Washington becomes the 18th state to rid sales tax on menstrual products
A new law that removes sales tax for tampons, pads, menstrual cups and other period products will save women and other menstruating folks in Washington an estimated $3 million dollars in its first year.
On April 3, Senate Bill 5147 was signed into law by Gov. Jay Inslee after it was passed in the Senate 95-2. The law will remove the sales tax on common feminine hygiene products and other period items starting July 1.
The main sponsor, Sen. Lynda Wilson, R-Vancouver, began her work on Senate Bill 5147 in 2016 when she was serving in the Washington House of Representatives. According to her website, when she joined the senate in 2017, she took the idea along with her.

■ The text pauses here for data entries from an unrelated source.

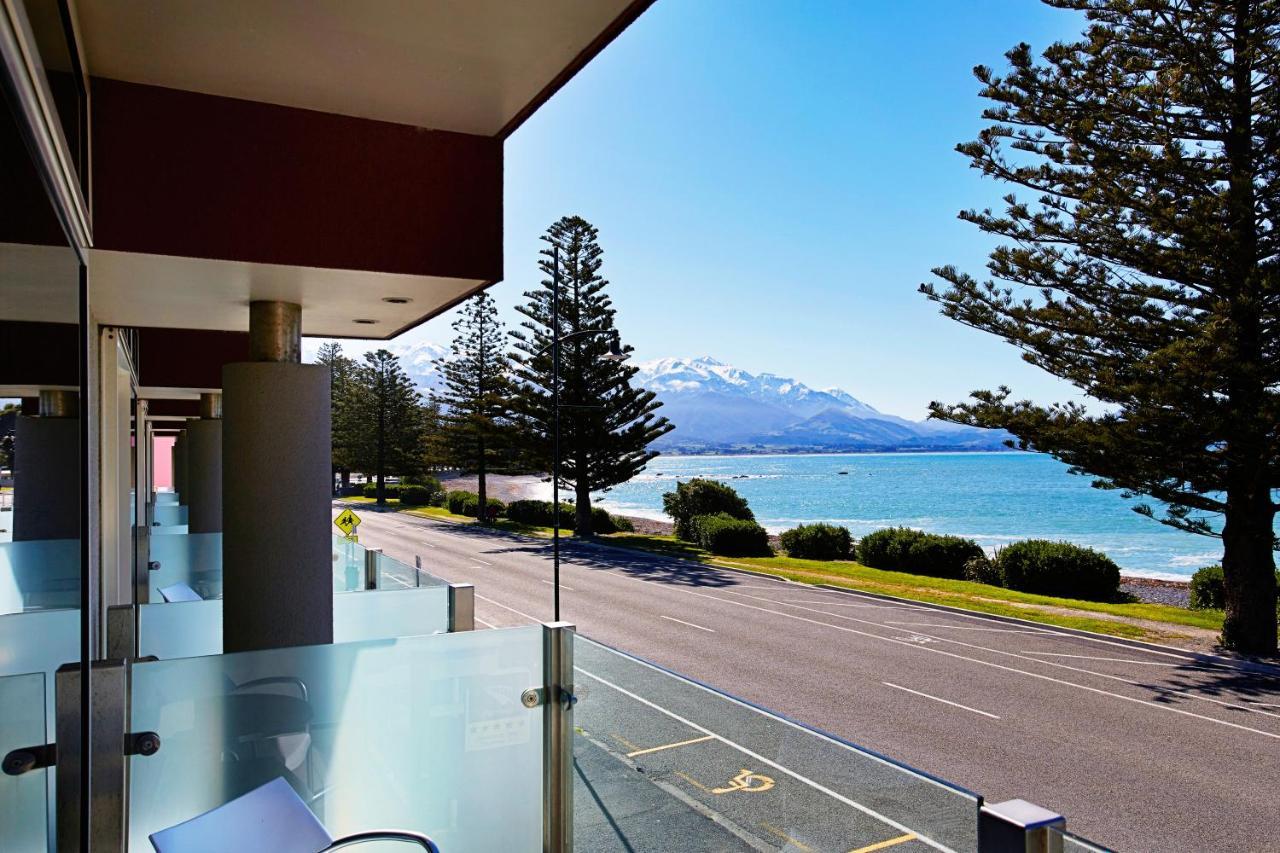 The White Morph - Heritage Collection Kaikoura Bagian luar foto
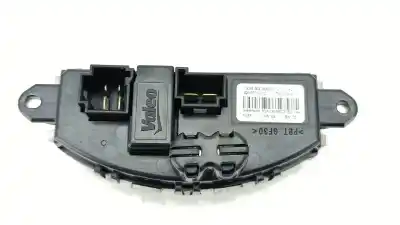 Автозапчасти б/у сопротивление нагреву за seat leon (5f1) 1.5 tgi ссылки oem iam 5q0907521c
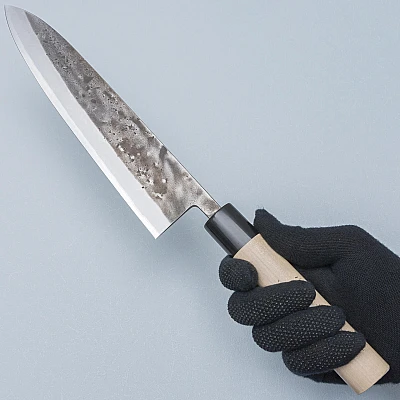 Kazoku Kage Aogami Gyuto 24 cm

“Besides being the biggest tax reduction passed by the legislature, it’s probably the best example of fairness and equity to come out of Olympia this year,” Wilson said in a press release on March 10.
The Senate Bill argues that “feminine products are a necessity for most females in the state” and taxing a necessary hygiene product “unjustly adds an additional tax burden on females.”

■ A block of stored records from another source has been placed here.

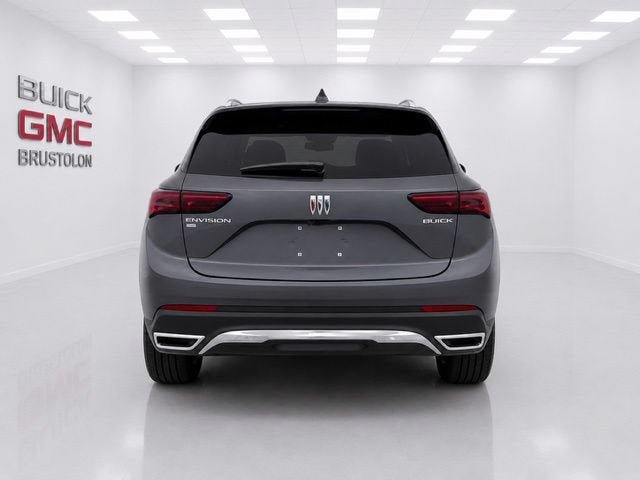 New 2026 Buick Envision Preferred AWD/4WD image 8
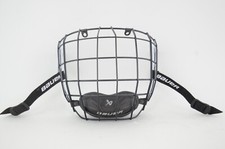 Bauer iii facemask for sale  Belleville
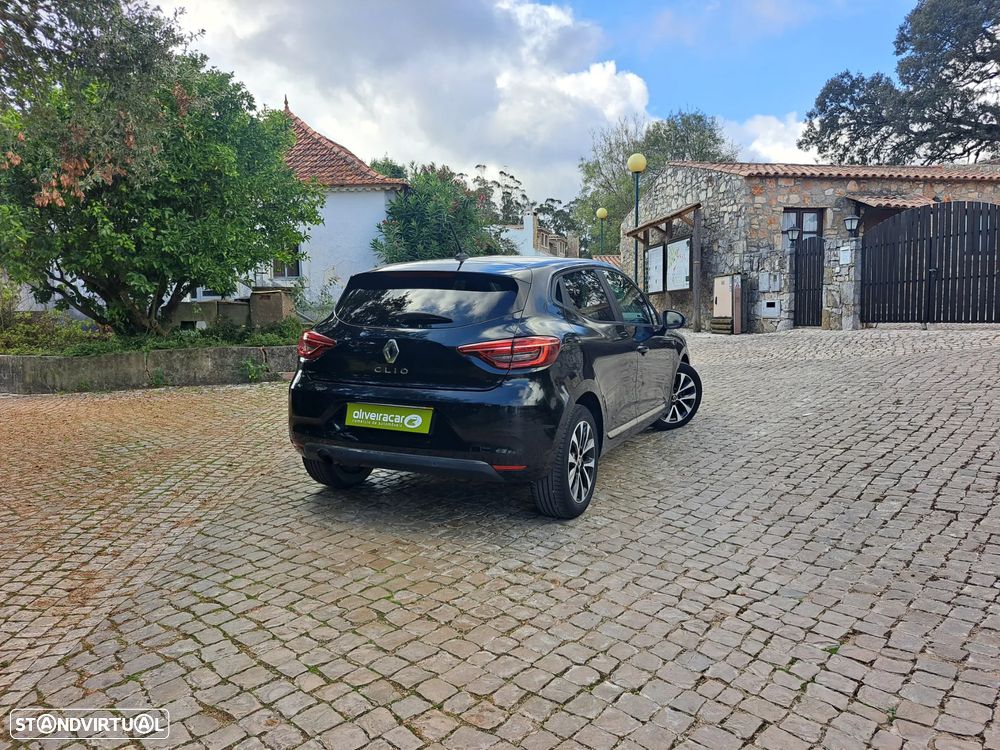 Renault Clio 1.0 TCe Exclusive - 46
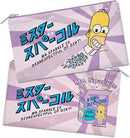 The Simpsons - Mr Sparkles Pencil Case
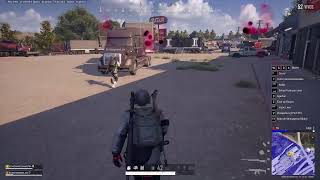 GAME PLAY - PUBG 03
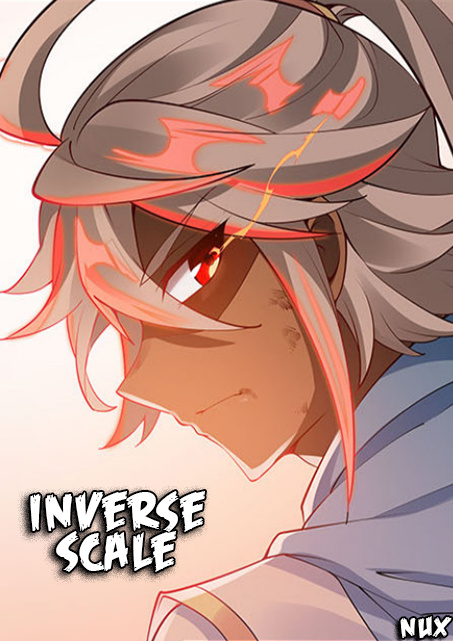 Inverse Scale - Chapter 135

“It’s especially unfair to women who are low-income or experiencing homelessness, and all the work on this bill has been worth it for their sake alone,” Wilson said in the press release.
In a 2019 survey by Reuters Health, researchers found that nearly two-thirds of low-income women and people who menstruate couldn’t afford to purchase period products such as tampons or pads in 2018. In addition to this, menstrual products aren’t covered by common food assistance programs such as the Supplemental Nutrition Assistance Program or the Washington Integrated Nutrition System.

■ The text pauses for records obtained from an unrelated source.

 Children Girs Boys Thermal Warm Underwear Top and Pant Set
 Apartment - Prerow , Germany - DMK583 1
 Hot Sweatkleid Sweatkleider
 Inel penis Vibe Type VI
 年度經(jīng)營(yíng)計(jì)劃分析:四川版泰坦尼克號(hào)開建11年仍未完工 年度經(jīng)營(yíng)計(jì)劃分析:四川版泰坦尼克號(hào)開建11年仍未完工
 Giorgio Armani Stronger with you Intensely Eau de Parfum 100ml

Senate Bill 5147 contends that “taxing feminine hygiene products adds to the regressive tax burden on low-income families.”
Washington is the 18th state to remove its sales tax on menstrual products.
Co-sponsor Sen. Karen Keiser, D-Burien, began supporting the bill in 2017, and calls the tax on period products “tantamount to sex discrimination in taxation.”
“I want to make sure that consumers don’t have to pay an unnecessary tax for a necessary product,” Keiser said.
Until the bill takes effect on July 1, retail tax on menstruation products will be 6.5% according to current state sales tax rates. According to estimates made by the non-profit organization Period Equity, Washington state gains $6.6 million every year in revenue through the sales tax on menstruation products.
When the law takes effect in July, the loss in retail tax revenue will have to be made up elsewhere in the budget.
“That was part of the trade on this, but I think we’re just going to have to accommodate the loss of revenue on this product right now with other budgets,” Keiser said.
Amelita Brown, a second-year student at Western who lives in Washington, was surprised to hear the bill had taken three years to pass.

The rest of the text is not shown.